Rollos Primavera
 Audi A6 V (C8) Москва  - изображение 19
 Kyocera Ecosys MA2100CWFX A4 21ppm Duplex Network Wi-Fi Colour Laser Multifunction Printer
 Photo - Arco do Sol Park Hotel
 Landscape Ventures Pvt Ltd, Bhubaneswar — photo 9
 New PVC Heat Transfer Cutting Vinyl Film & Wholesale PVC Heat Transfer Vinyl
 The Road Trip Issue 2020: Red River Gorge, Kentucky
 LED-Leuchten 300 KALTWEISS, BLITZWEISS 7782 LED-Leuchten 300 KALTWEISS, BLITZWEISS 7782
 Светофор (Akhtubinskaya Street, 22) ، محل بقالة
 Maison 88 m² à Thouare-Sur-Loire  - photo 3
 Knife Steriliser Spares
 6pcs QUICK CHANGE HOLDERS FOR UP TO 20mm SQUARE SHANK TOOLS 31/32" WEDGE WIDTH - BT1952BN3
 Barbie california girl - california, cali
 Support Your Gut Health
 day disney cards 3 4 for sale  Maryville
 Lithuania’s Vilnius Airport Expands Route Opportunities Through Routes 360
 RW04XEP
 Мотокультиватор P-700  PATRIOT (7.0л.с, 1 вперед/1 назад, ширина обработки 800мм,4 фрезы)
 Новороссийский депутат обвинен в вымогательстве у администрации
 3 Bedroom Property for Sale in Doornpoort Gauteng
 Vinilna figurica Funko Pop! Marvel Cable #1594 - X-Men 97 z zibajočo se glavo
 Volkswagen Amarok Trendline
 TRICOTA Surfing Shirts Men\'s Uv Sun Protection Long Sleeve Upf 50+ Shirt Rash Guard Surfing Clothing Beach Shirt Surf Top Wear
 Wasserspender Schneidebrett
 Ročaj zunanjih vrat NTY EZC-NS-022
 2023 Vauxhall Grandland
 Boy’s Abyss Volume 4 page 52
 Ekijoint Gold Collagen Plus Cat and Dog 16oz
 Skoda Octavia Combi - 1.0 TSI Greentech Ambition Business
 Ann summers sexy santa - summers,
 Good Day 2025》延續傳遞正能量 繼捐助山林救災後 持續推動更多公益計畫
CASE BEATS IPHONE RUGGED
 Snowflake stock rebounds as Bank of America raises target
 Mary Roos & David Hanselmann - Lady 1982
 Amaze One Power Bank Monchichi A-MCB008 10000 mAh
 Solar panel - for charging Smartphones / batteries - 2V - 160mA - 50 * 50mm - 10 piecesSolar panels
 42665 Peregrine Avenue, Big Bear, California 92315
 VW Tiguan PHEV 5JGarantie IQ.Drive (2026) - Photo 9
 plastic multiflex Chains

» Exercise aim
Pick each line holding the word "Bank" out of the data and copy it.

» Response to this task
 Snowflake stock rebounds as Bank of America raises target
 Amaze One Power Bank Monchichi A-MCB008 10000 mAh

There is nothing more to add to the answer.